Sally Dowler recalled the moment she found out voicemails had been deleted from Milly's phone.

"She's picked up her voicemails, Bob, she's alive!" she said with heightened emotion, telling the inquiry what she had said at the time.

It later transpired that private investigator Glenn Mulcaire, acting on behalf of a tabloid newspaper, had been illegally accessing Milly's voicemails.

It's been alleged that Mulcaire then deleted voicemails from the full inbox, to make way for more frantic messages from family members. Mulcaire denies he did this.

When Mrs Dowler discovered her daughter's voicemail had been hacked into, she said the first thing she thought of is the emotional moment when she had hope that her daughter was still alive.

Bob and Sally Dowler were also "scared" to leave the house in fear of being doorstepped by journalists, the Leveson Inquiry has heard.

Mrs Dowler said they always had to be "on guard" when leaving the house as journalists would appear and ask questions "when you are least expecting it".

"However polite people are, at the end of the day you are scared of opening the door because you might be faced with a question," said Mr Dowler.

It was a "regular event" for journalists to knock on their door, he said, but they refused to give comments other than through the police's press office, to prevent a "media war" between news organisations hunting exclusives.

He added that they had to be "careful" with what they said when they were doorstepped as it would be reported the next day in the press.

The parents of Milly Dowler, the schoolgirl who was abducted and murdered in 2002, are the first of the press intrusion victims evidence to the inquiry.

They had described the press as a "double-edged sword".

"[The press] were in the position to help us and they did," said Mrs Dowler.

However the press also subjected them to "persistent questions", "being doorstepped" and being photographed.

The press coverage also meant they got floods of unwelcome letters offering book and film deals.

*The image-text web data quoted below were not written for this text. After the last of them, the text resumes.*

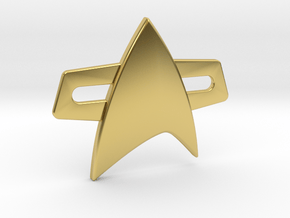Star trek comm badge late 24th century in Polished Brass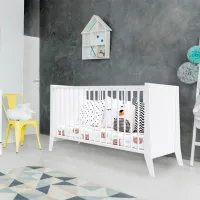Детская кровать Happy Babies Roza 0 месяцев - 6 лет / Белый photo 4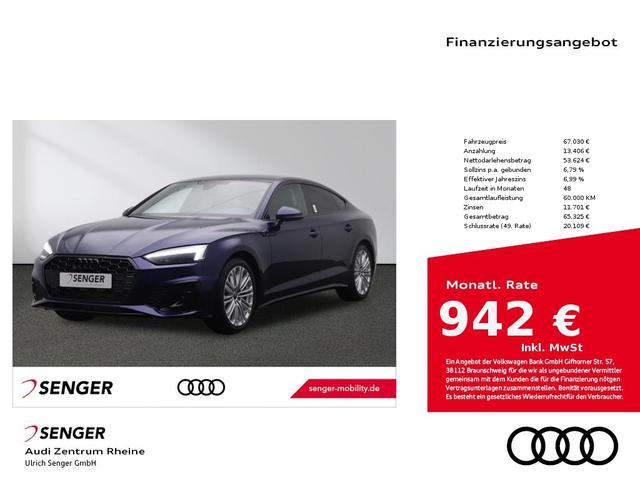 Audi A5 Sportback S line 40 TFSI Business-Paket Navi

The Dowlers also told the inquiry about a picture that appeared in a Sunday newspaper of them retracing the last steps of their daughter, some seven weeks after she went missing.

It was a sunny Thursday afternoon and Sally had contacted Bob to say that when he was coming home from work, she would meet him at the train station near where Milly was last seen and walk the way she would have travelled home.

It was a last minute decision, she said, as they went around putting up more posters of their daughter with a contact number for anyone with information.

They hadn't told anybody else, yet a photographer with a telescopic lens had managed to photograph the two on their walk, and a photo soon appear in the press with a story about them retracing their daughter's last steps.

"I remember seeing it and I was really cross. We didn't see anyone ... How on earth did they know we were doing it that day?"

"it felt like such an intrusion," she added.

The two spoke of their "tense" meeting with a "sincere" Rupert Murdoch, the media baron whose parent company owns the News of the World, which is accused of hiring someone to hack the Dowlers' phones.

When asked what their recommendations would be for future regulation of the press, Mr Dowler said that they'll "leave that up to [the inquiry]".

"We want the extent of [press bad behaviour] exposed and then for the inquiry to make suggestions," said Mrs Dowler.